Dede menekankan dalam pendapatnya, bahwa belum ada aturan-aturan yang banyak mengarah ke pelanggaran hukum yang di mana pelakunya harus ditegasi dan tidak boleh berkeliaran bebas begitu saja.
“Jadi seperti kita ketahui bersama bahwa dalam psikologi itu belum ada aturan-aturan yang mengatur terkait banyak hal, semisal mal praktik (praktik bodong), pendidikan psikologi, terus izin layanan psikologi dan lain-lain. Nah,kalau ini dibiarkan terus maka para pelanggar aturan bakal bebas berkeliaran,” kata Dede.
“Urgensi dari harus disahkannya RUU PLP ini adalah untuk menjadi payung hukum bagi para psikolog khususnya yg membuka layanan psikologi atau yang bekerja sebagai konselor di instansi-instansi terkait. Bukan hanya itu, RUU ini juga memuat pasal-pasal yang menjelaskan jenjang pendidikan dalam ilmu psikologi, sehingga kita sebagai mahasiswa bakal tau setelah lulus porsi-porsi kerja kita sebenarnya dimana nih,” lanjutnya menutup pendapat tentang RUU tersebut.
Sementara itu dari ketua bidang Pengkajian dan Penalaran, Nurlaila Yusuf, turut memberi pendapatnya dalam hal tersebut.
“Kalau RUU tidak disahkan, bagaimana kita sebagai mahasiswa psikologi ke depannya? Apalagi, banyak psikolog asing yang melakukan layanan jasa dan praktik profesi psikologi di Indonesia, bagaimana dengan kita yang nantinya ketika lulus ingin mendapat pekerjaan tetapi sudah diambil oleh para psikolog asing, bukankah itu hal yang harus dipertimbangkan?” Responnya dengan cepat.

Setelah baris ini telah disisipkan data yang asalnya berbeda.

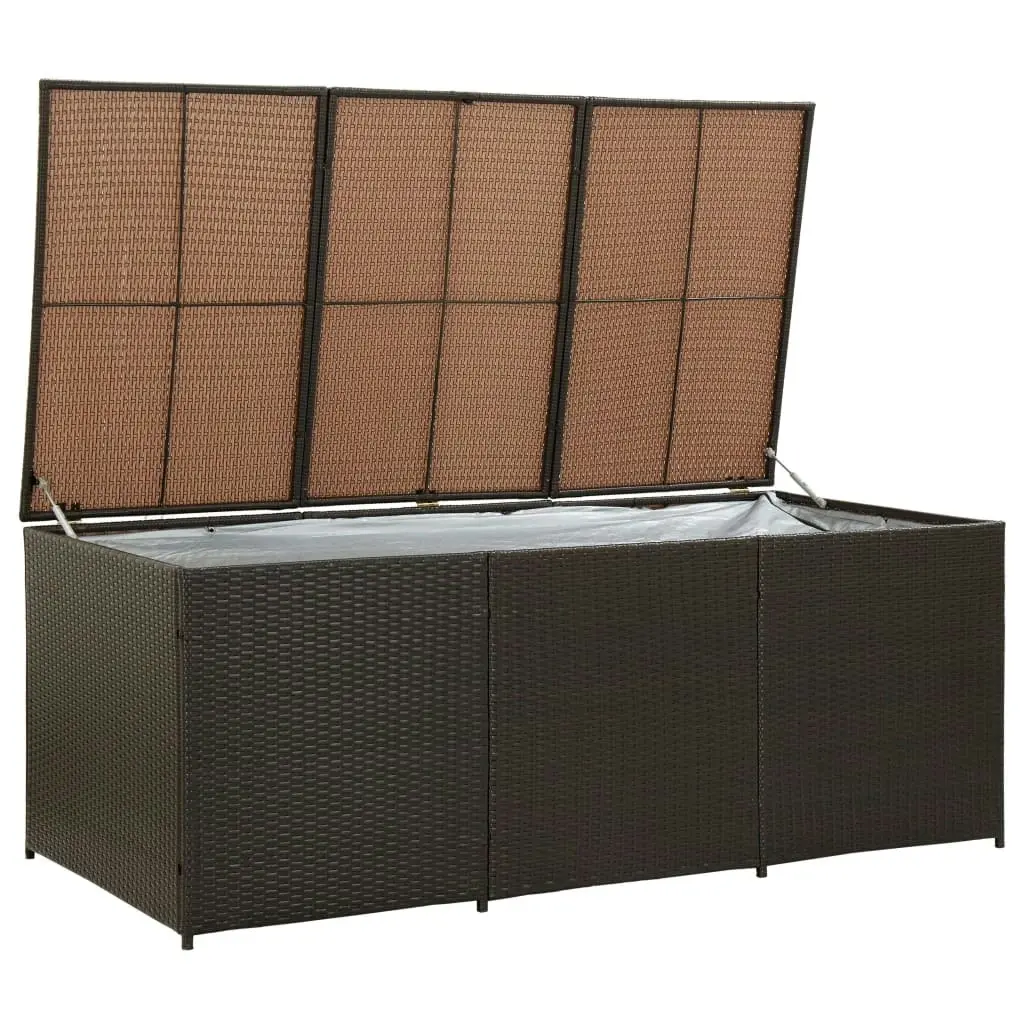 Garden Storage Box Poly Rattan 180x90x70 cm Brown 46478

Tanpa dikaitkan dengan kepesatan perkembangan internet pun, A.C.A. de Moraes Weintraub (2011), dalam sebuah kajian di Haiti dan Republik Demokratik Kongo, sudah mencatat bahwa psikolog asing telah banyak berkiprah di berbagai negara, khususnya dalam konteks bencana kemanusiaan. Dalam hal ini, psikolog asing hadir bukan secara perorangan atau klinis, melainkan sebagai anggota dari tim-tim nasional. Bergabung dalam tim nasional untuk memberikan layanan psikologis merupakan sebuah keniscayaan logis.
Banyak harapan dari teman-teman mahasiswa psikologi untuk disahkannya RUU PLP yang dilayangkan di diskusi tersebut. Dede Solihin juga turut melontarkan harapannya ketika nanti RUU Praktik Psikologi ini disahkan.

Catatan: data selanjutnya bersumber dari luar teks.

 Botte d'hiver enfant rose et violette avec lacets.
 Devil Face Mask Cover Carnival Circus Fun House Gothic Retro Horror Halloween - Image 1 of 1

“Semoga RUU ini segera dapat disahkan agar kedepan kita sebagai calon-calon lulusan psikologi bisa terjamin prospeknya, serta kita bakal punya payung hukum yang kuat dalam bidang psikologi baik itu di pendidikan, praktik dan layanan psikologi lainnya sehingga bisa menjaga kualitas kepuasaan dari para klien (menjaga kepercayaan klien),” ujar Dede.
Ia juga menambahkan, “satu lagi, harapannya semoga dengan disahkannya RUU PLP ini, bidang psikologi lebih banyak diminati masyarakat,” imbuhnya mengakhiri diskusi tersebut.
Selama ini hanya kode etik psikolog yang menaungi hal ini bagi anggota HIMPSI saja, selain dari anggota tidak ada peraturan tegas mengenai profesi psikologi.
Apabila RUU yang masuk dalam Prolegnas Prioritas ini selesai, fungsinya selain melindungi masyarakat juga psikolog mendapatkan kepastian hukum mengenai statusnya sebagai sebuah profesi.
Sertifikasi oleh Dikti/LIPI sebagai Lektor/Penata Untuk Bidang Psikologi yang kemudian dilegalisasikan oleh Himpsi dapat dipertimbangkan sebagai salah satu jalur (path) hanya jika dibutuhkan untuk mempertegas keprofesian Psikolog Akademik.
Usulan sebutan Psikolog yang tidak terbatas pada psikolog praktik klinis dapat dipertanggungjawabkan karena bila kita tilik sesungguhnya Psikolog Akademik dan Psikolog Terapan memiliki ketertutupan keahlian yang jelas, yakni yang menyangkut objek yang berupa dinamika intrapsikis yang tidak shared (terbagi) dengan keahlian akademisi atau praktisi dari bidang ilmu yang lain.
Pengambilan profesi setelah S1 sangat memudahkan mahasiswa dalam mendapatkan pekerjaan yang layak tanpa harus melanjutkan ke tahap selanjutnya yaitu S2, dengan adanya RUU PLP ini akan ada yang mengatur perundang-undangan mengenai psikolog yang dapat memberikan perlindungan dan kepastian hukum bagi para psikolog, masyarakat dan pemerintahan.